# The problems today compared to the 1980s



## Brendan Burgess (22 Apr 2011)

I have heard people say "but the problems in the 1980s were worse and we recovered from them". I think it would be useful to compile a comparison of the figures for both periods. 

Dan O'Brien has an excellent article in today's Irish Times on the topic

[broken link removed]

Anyone volunteer to compile a factual comparison?


----------



## Guest105 (22 Apr 2011)

I am sure there was another thread relating to this subject some time back.

I think there was far more poverty during the 1980's, interest rates were huge and emigration far higher than it is today. There was little or no personal debt.


----------



## Brendan Burgess (22 Apr 2011)

Thanks Cashier - hadn't occurred to me to look. 
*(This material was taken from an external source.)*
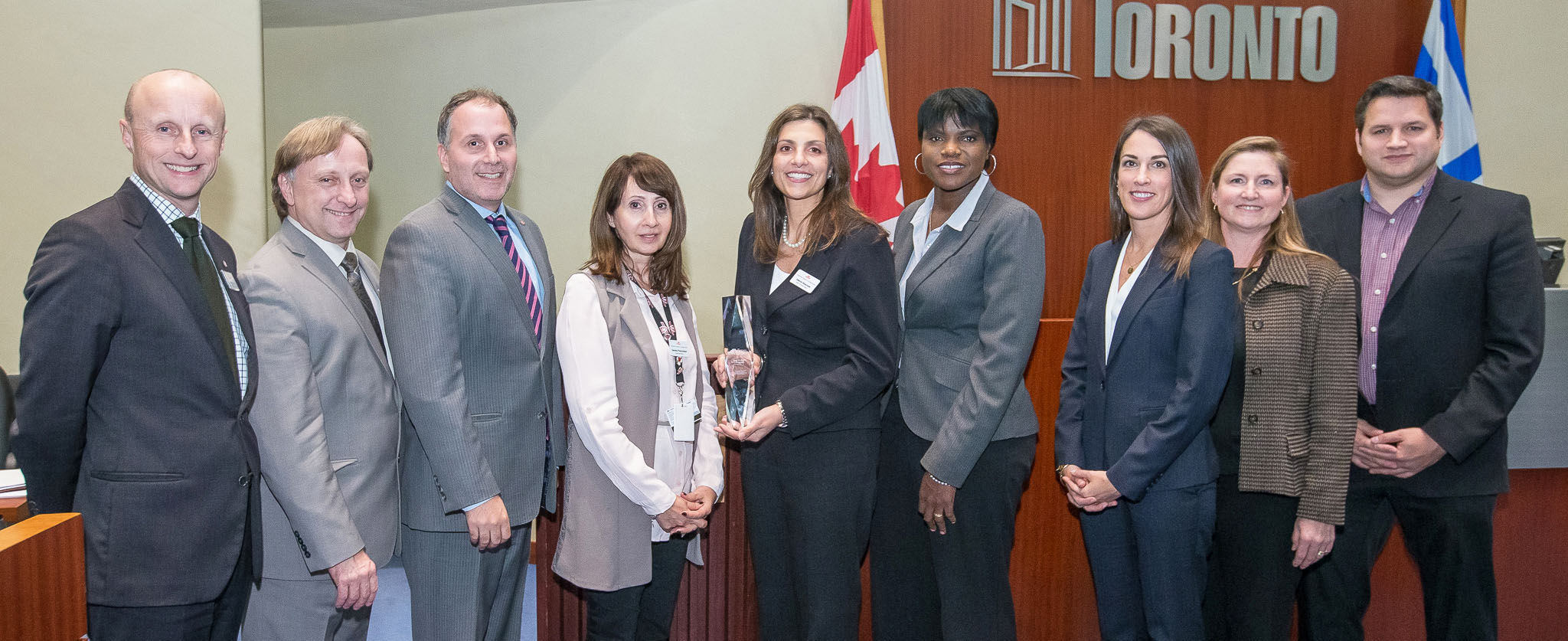 TTC receives Diversity Award.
Is the current session worse than the 1980s?

As this forum is about Key Data and not about debate, what I am looking for here is the comparative data.


----------



## dontaskme (23 Apr 2011)

One big difference is participation of women in the workplace. A lot of economic growth in the 1990s was fuelled by women entering and returning to the workplace. Businessweek had an interesting article on how male participation in the workplace in the US is the lowest since the 1930s. The participation rate goes down in a recession and usually does not bounce back afterward to the same level.
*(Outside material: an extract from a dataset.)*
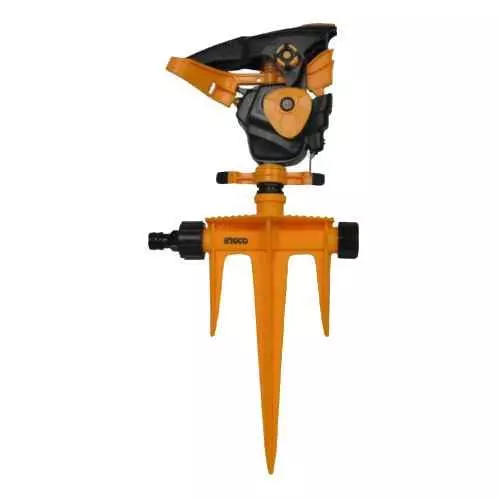 INGCO    ARROSEUR AUTOMATIQUE EN PLASTIQUE 360°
The demographics were different as well. The birth rate declined from 1979 to the  90s and has been more or less constant for a while now so there are proportionately fewer younger people who are the marginal work force i.e. if the economy is booming, they get the new jobs, if it's in recession they're on the dole queue or the boat. So emigration is probably affecting fewer families.


----------



## Brendan Burgess (14 Dec 2011)

Marc Westlake has written a [broken link removed] on this important topic.



> In this brief review of the 20th Century, we consider current events in the context of Global history and conclude that our perception of how bad things are today is probably being excessively influenced by the media to the extent that on average many of us view current conditions to be far worse than they really and certainly are not unprecedented in modern human history.


----------



## DrMoriarty (14 Dec 2011)

For context/comparison, or for those who like their "chart porn", some interesting stats I saw on BBC's _Newsnight _last night: http://www.bbc.co.uk/news/in-pictures-16090055


----------